Machine-learning modeling of scATAC-seq data supports investigations of single-cell genome regulation, including identification of cell types, differentially accessible regions and transcription factor activity inference. The loss function and data representation are crucial determinants of a model’s predictive power. Many methods default to binarizing the count matrix due to overall data sparsity and the conceptualization of chromatin accessibility as a binary state5,6,7,8,9,10 (Supplementary Table 1). While some approaches handle the data quantitatively3,11,12, there exists no systematic evaluation of the impact of binarization.

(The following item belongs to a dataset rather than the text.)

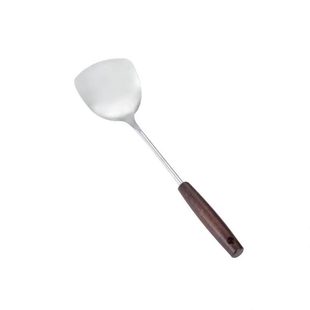 甄选不锈钢锅铲防烫手加厚加长木柄炒菜铲子家用厨具炒铲厨师锅铲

Here, we compare binarization versus count-based modeling on scATAC-seq data modeling tasks and assess the quality of the learnt latent space using multiple downstream evaluations. We based our analysis on four publicly available datasets representing different protocols, species and tissues13,14,15,16 (Supplementary Table 1; Methods). First, we considered the proportion of peaks above the typical binarization threshold of one read. Across all datasets, over 65% of non-zero peaks had more than one read count (Fig. 1c and Extended Data Fig. 1). In the NeurIPS dataset, for instance, 74% of non-zero peaks had counts of two, with 12% having even higher counts. We furthermore saw a fivefold increase in peaks with even compared to odd counts (Fig. 1c). This pattern can be explained as an artifact of the count aggregation strategy used in the 10x Genomics CellRanger ATAC pipeline4, which counts reads (deduplicated fragment ends) instead of fragments (Fig. 1a). As scATAC-seq generates paired-end reads, even counts are predominant, whereas odd counts only occur when one read pair falls outside the peak region (Fig. 1a,b). In contrast, fragment counts showed a regular monotonic decay (Fig. 1d and Extended Data Fig. 1; Methods). Many methods rely on the read count matrices generated by the 10x pipeline or adopt the same counting strategy3,5,6,7,8,9,10,17 (Supplementary Table 1); however, no benchmark has compared the read and fragment count strategies.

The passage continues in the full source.